00:21:22.859 Thank you for your presentation. I have a question for you.
00:21:29.880 If I understand you correctly, you promise your customers that their data will only be stored in specific regions.
00:21:35.220 But data is also stored in databases, right? We use monitoring tools, logging, etc.
00:21:40.319 So, for example, if we have Datadog monitoring, we can store that data in different regions.
00:21:45.720 What about when you want to aggregate data from multiple regions for business reporting?
00:21:51.240 Wouldn’t that break your promise to customers, and how do you handle it?
00:21:57.480 Regarding logging and business reports, it’s important to clarify our approach.
00:22:04.440 For logging data, we also implement region-specific logging. This means any information stays within its respective region.
00:22:10.380 As for business analytics, there is a challenge with aggregating across regions. We acknowledge that this is a limitation.
00:22:18.960 I'd suggest talking further about this in the future as we're still exploring this.
00:22:26.460 Your final question addressed data extraction and logs, considering existing customer data.
00:22:33.180 Yes, while transitioning, there will still be existing data logs.
00:22:39.720 We are cautious not to let UK data reach US servers and only prepare for it to stay in the UK during this transition.
00:22:48.720 The process ensures that UK data is ready to migrate only after the US is established.
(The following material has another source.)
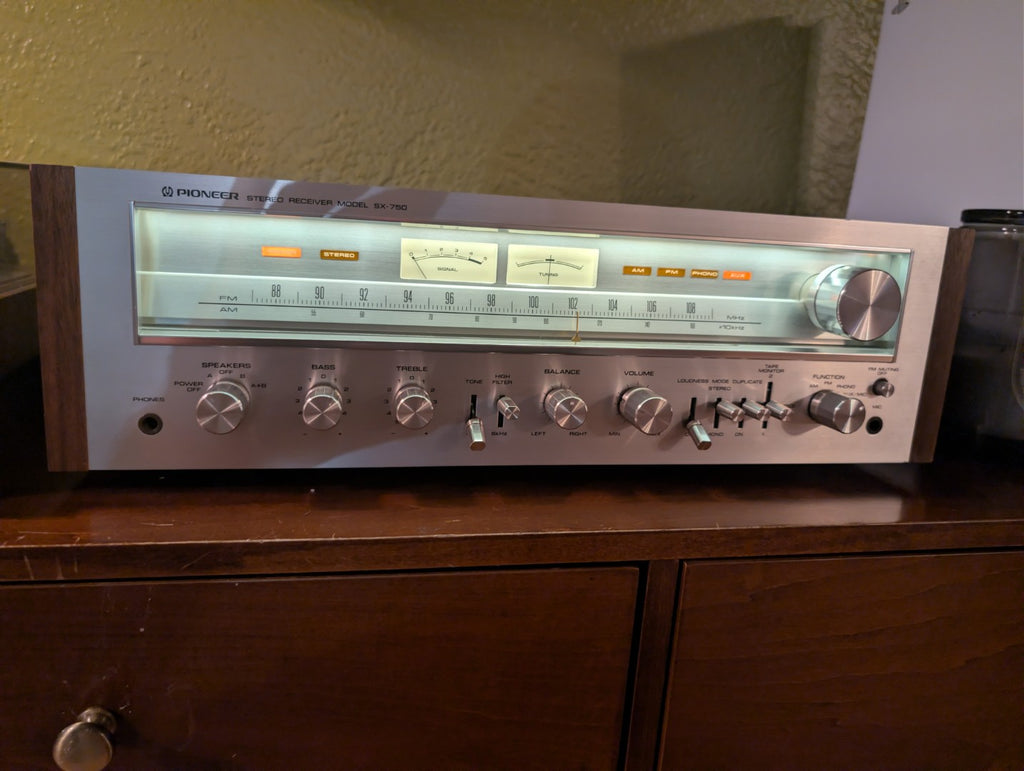 Pioneer SX-750 with Custom Case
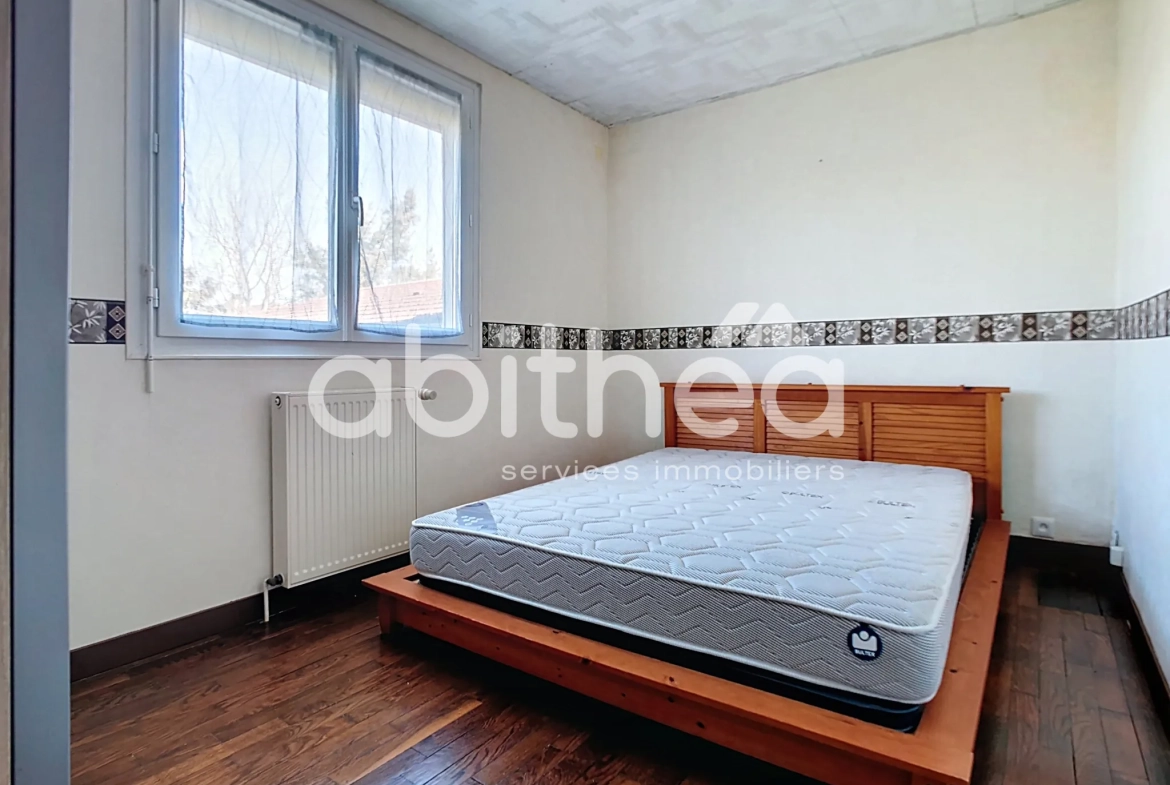 À vendre maison de plain-pied à Saint-Parres-aux-Tertres – 98 m2 avec jardin et garage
00:22:55.620 This way, we maintain control over data privacy as we move forward.
00:23:02.280 Thank you for your question.
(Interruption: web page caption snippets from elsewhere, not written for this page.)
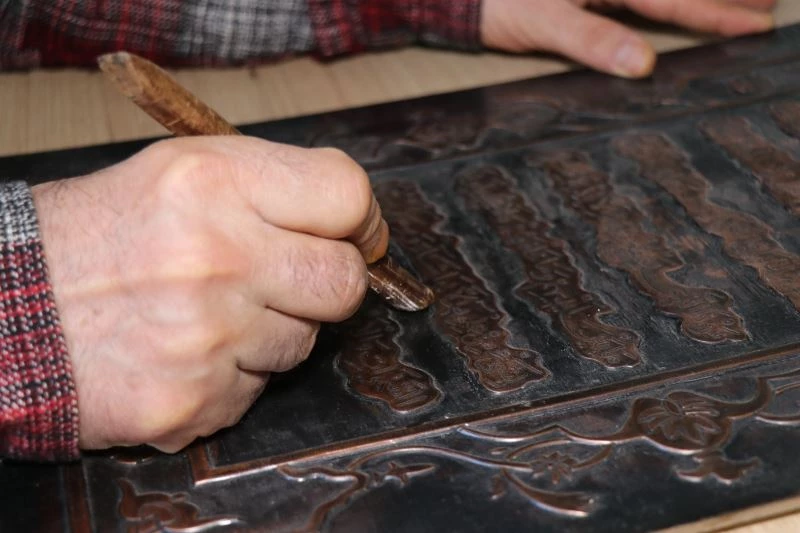 ‘Kültür Oskarı’ sahibi rölyef ustası, eserleriyle hayran bakıyor
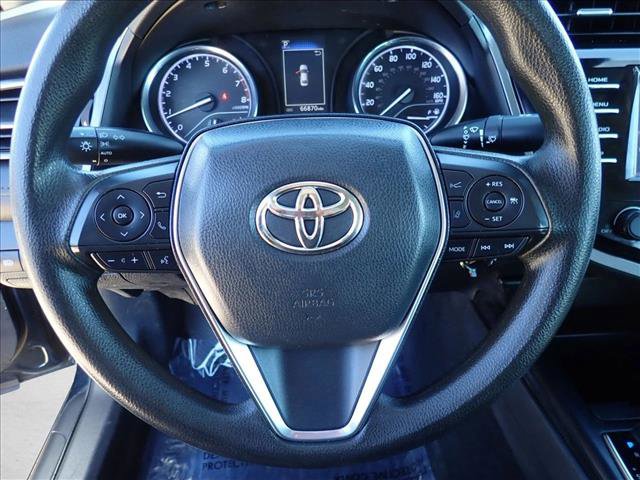 Used 2019 Toyota Camry LE image 12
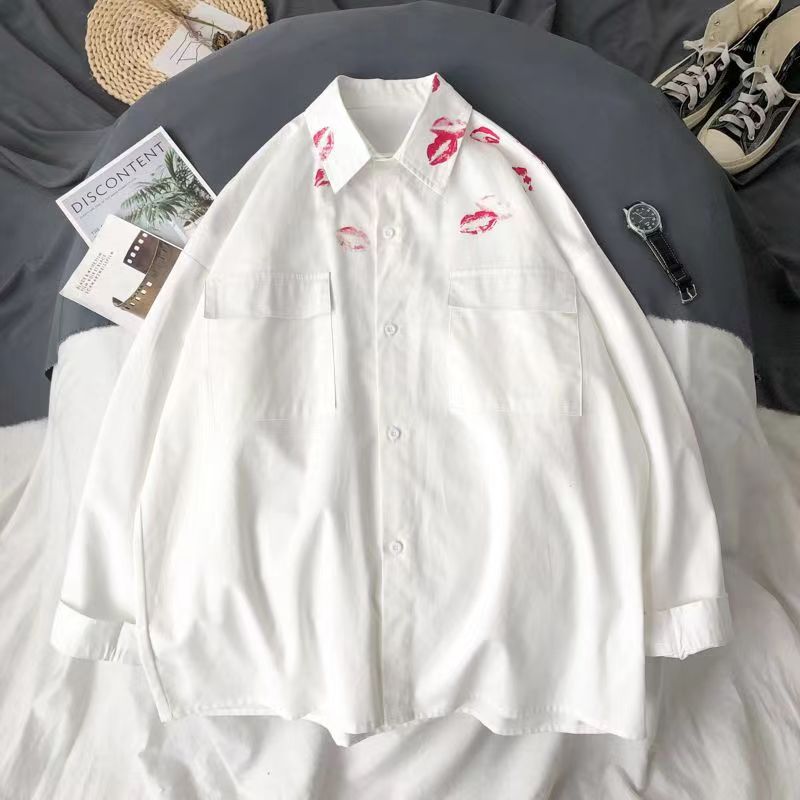 Camisa blanca de manga larga con estampado de labios para hombres y mujeres camisa suelta de moda perezosa de alto grado de diseño de nicho delgado de verano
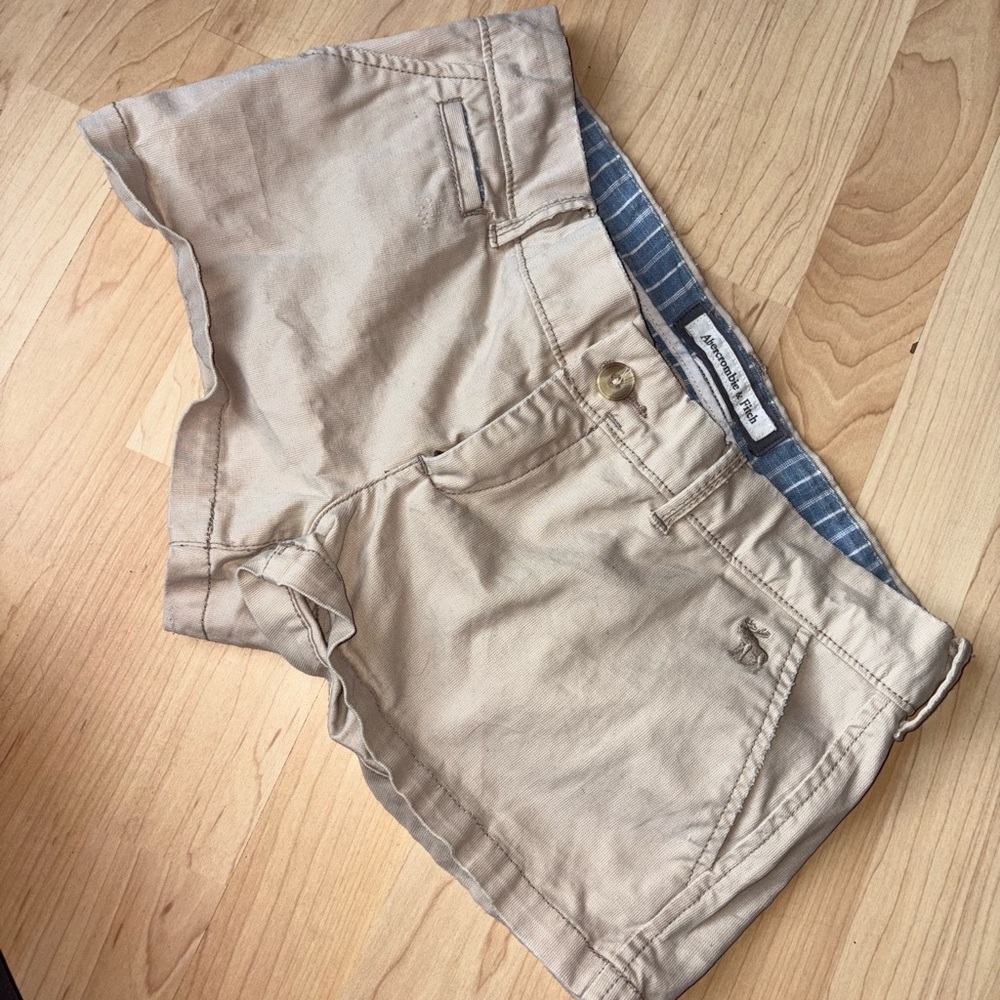 Abercrombie & Fitch Light Tan Shorts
00:23:10.380 Are there any other questions?
00:23:18.780 You mentioned this table renaming process, and I’m curious why you approached it this way.
00:23:24.540 Instead of simply removing unnecessary data, why not avoid complications from renaming?
00:23:30.780 Interestingly, we found that creating fresh tables minimized risk during data management.
00:23:36.780 Not only is the copy-and-swap method generally faster, but it also reduces potential mistakes.
00:23:43.320 This experience guided our decision-making process.
00:23:49.920 Thank you for your understanding, and sorry for needing to cut it short. Thanks again!